Non-ready test section 461,462,463 is input with the latent period of institute's instructions stored the instruction buffer of exporting respectively from cycle decoder portion 451,452,453 401,402,403 and from the resource information by institute's instructions stored definition the instruction buffer 401,402,403 that resource lsb decoder 411,412,413 is exported respectively; In latent period is 2 when above, is judged to be the cycle of resource after the granting of instruction group of each instruction definition non-ready.That is to say that in the cycle (following one-period) after the instruction group is provided, determining can't be with reference to perhaps defining its resource.

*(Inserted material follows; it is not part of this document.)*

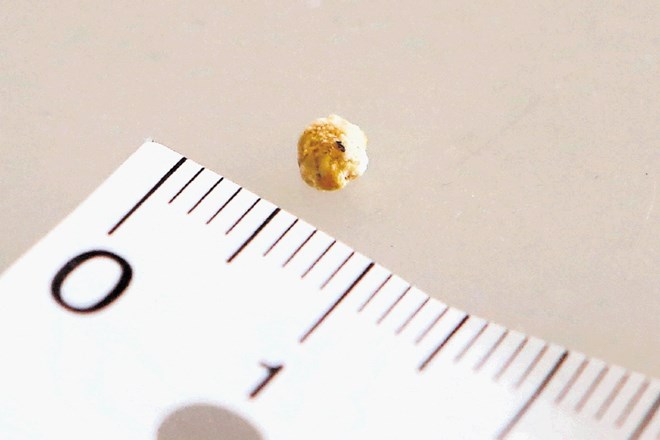 Slinski kamenčki so običajno veliki nekaj milimetrov. Ker pa odtok sline ob kamnih ni vedno moten in bolnik nima veliko...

Concrete condition is following.
For example, be made as and in instruction buffer 401, storing instruction code [ld r1, (r4+)].This instruction is that be 2 latent period with the instruction of value defined in register r1 of the storer of the address through coming appointment with reference to register r4.Thereby, in the cycle of register r1 after the ld instruction is provided by this instruction definition, be judged to be non-ready.
Being judged to be above-mentioned non-ready resource (register r1) is logined in resource status storage list 470.
Here, describe for resource status storage list 470.Fig. 5 is the accompanying drawing of expression resource status storage list 470 1 examples.Resource status storage list 470 is the memory storages by each resource storage resource status, is storing resource number 471, ready flag 472 and non-ready lasting periodicity 473 by each resource.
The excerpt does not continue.